Description of the task:
Write out the line with "1312 Loraine Cir" and every later line through the end of the data below, exactly as given, with no pictures in the copy.

Supplied information:
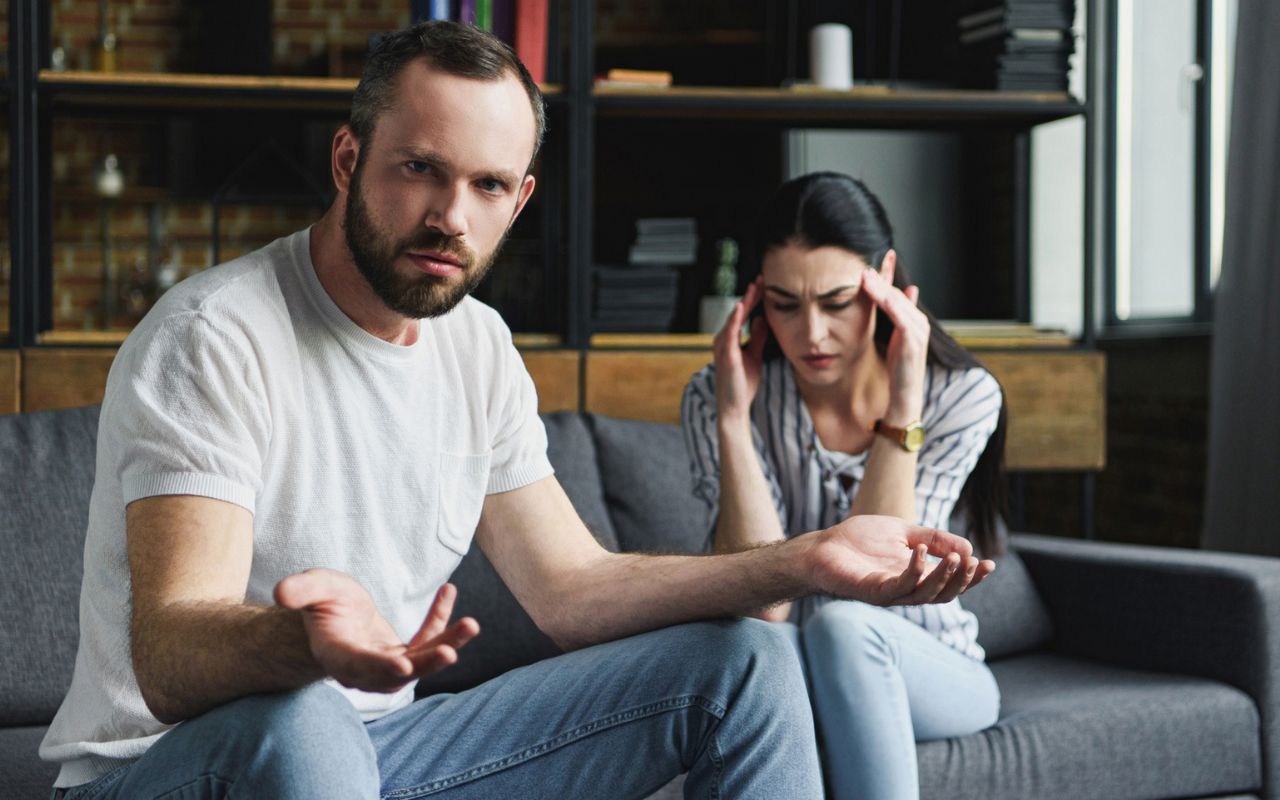 Man looking confused, woman is upset, both are sitting on the couch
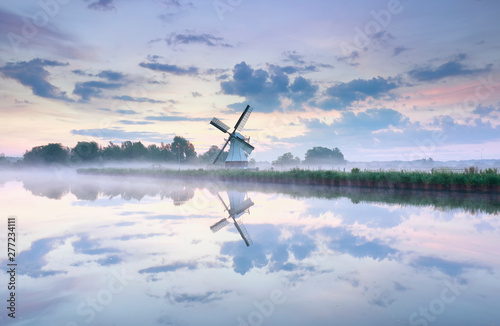 charming Dutch windmill at dawn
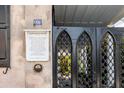 Close-up of the Jacob Motte House plaque by the elaborate metal gate at 61  at 61 Tradd St, Charleston, SC 29401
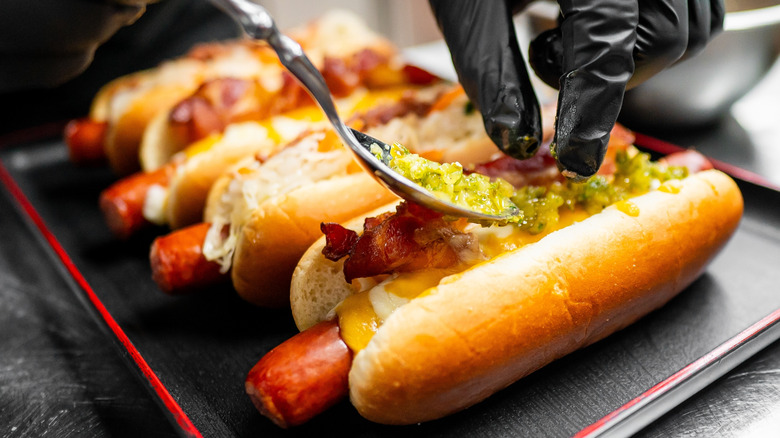 A closeup of person's gloved hand topping a hot dog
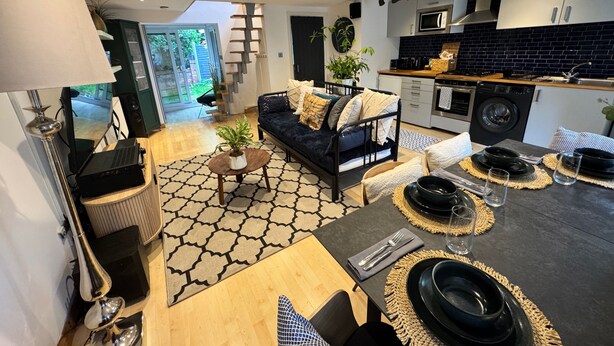 A modern kitchen with a microwave, oven, and sink. There is a dining area with a table set for two, a sofa, and a coffee table. A staircase leads to a balcony with a view of greenery. - Coventry Cozy Cottage (Coventry)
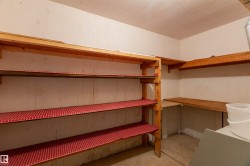 Utility room featuring extensive built-in wooden shelving, a corner work surface, and a light-colored ceiling - 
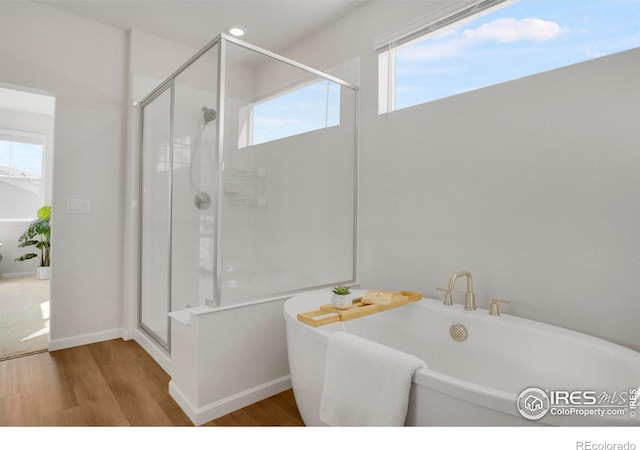 1312 Loraine Cir S, Lafayette, CO 80026 - bathroom featuring wood finished floors, a stall shower, and a soaking tub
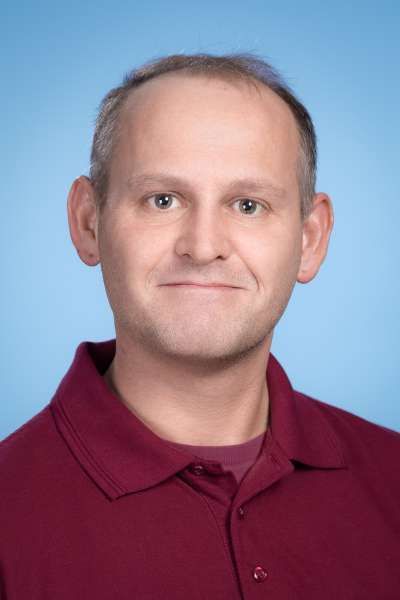 Ein Mann in einem roten Hemd lächelt in die Kamera.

Completed exercise:
 1312 Loraine Cir S, Lafayette, CO 80026 - bathroom featuring wood finished floors, a stall shower, and a soaking tub
 Ein Mann in einem roten Hemd lächelt in die Kamera.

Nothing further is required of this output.